Statement made on 9 September 2022 at 11.10am
CATCHWORDS
MIGRATION – Business Skills (Residence) (Class DF) visa – Subclass 892 (State/Territory Business Owner) visa – loans from directors account – assets were lawfully acquired – ownership interest in a main business – direct and continuous involvement in management of the business – provision of goods and/or services – value of assets and liabilities – business and personal assets – interest in residential property – decision under review remitted
LEGISLATION
Migration Act 1958, ss 65, 134
Migration Regulations 1994, Schedule 2, cls 892.212, 892.221; rr 1.03, 1.11CASES
Drake v Minister for Immigration and Ethnic Affairs (1979) 2 ALD 60
statement of decision and reasons
application for review
This is an application for review of a decision made by a delegate of the Minister for Home Affairs on 1 November 2019 to refuse to grant the visa applicant a Business Skills (Residence) (Class DF) Subclass 892 visa under s 65 of the Migration Act 1958 (Cth) (the Act).

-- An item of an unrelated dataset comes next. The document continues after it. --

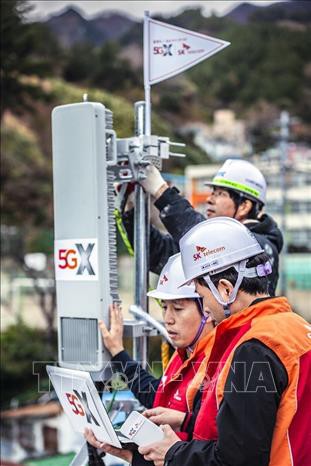 Hàn Quốc - Nước đầu tiên trên thế giới cung cấp dịch vụ 5G - Ảnh 1.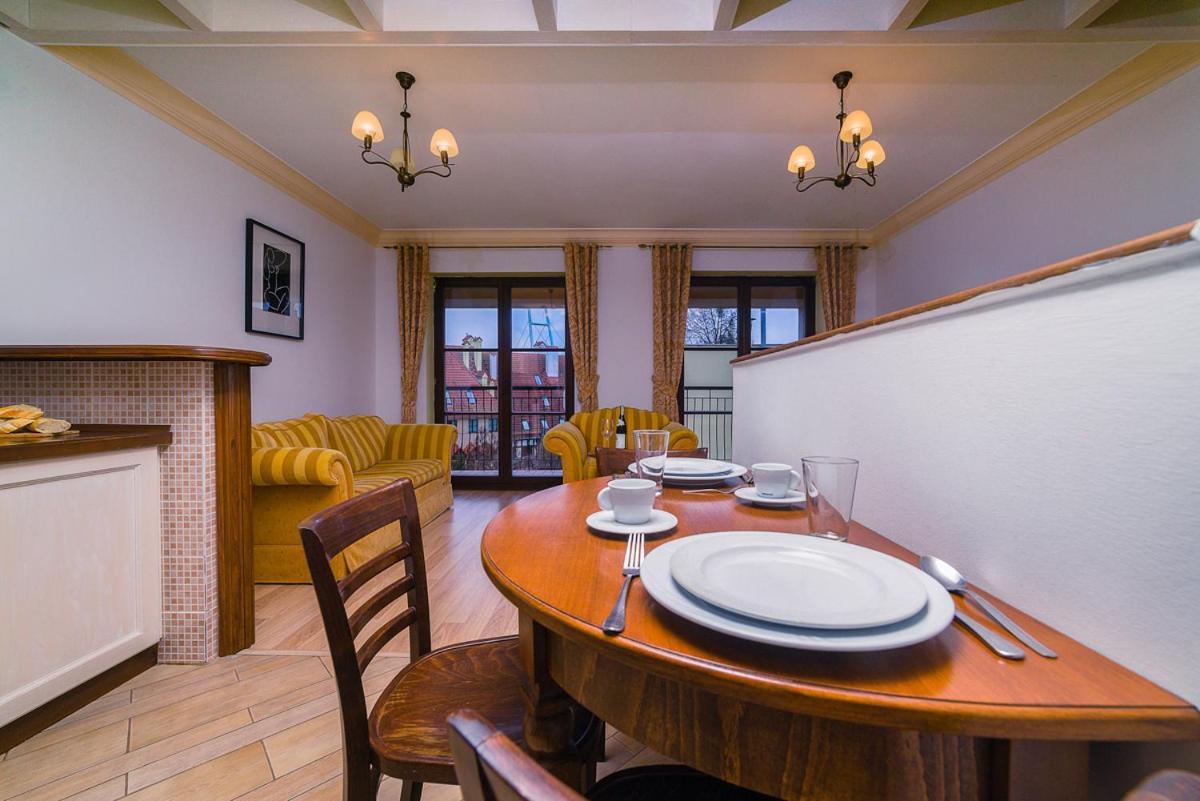 Apartamenty Portowe Mikołajki Exterior foto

The applicants were granted a Subclass 163 -- State/Territory Sponsored Business Owner (Provisional) visa on 4 June 2013. The visa applicants applied for the Subclass 892 permanent visa on 4 October 2017.
The applicants in this case are seeking to satisfy the criteria as set out in Part 892 of Schedule 2 to the Migration Regulations 1994 (the Regulations). At least one member of the family unit must satisfy the primary criteria set out in Subdivision 892.2. The others need only satisfy the secondary criteria set out in Subdivision 892.3.
The delegate in this case refused to grant the visas on the basis that the first named visa applicant did not satisfy the requirements of cl 892.212 of Schedule 2 to the Regulations as two of the three criteria were not satisfied. The central issue was in relation to the treatment of the “Loans from directors” account.
The applicants were represented in relation to the review. A detailed submission from the visa applicants’ legal representative was received by the Tribunal on 16 March 2020. The matter was constituted to a Tribunal Member on 30 March 2022. A further submission and additional evidence were provided to the Tribunal on 8 July 2022.
The first-named applicant, Ms Shi, appeared before the Tribunal on 21 July 2022 via video conference and gave evidence and presented arguments on affirmation. The Tribunal hearing was conducted with the assistance of an interpreter in the Mandarin and English languages. The applicants’ representative also appeared by video conference.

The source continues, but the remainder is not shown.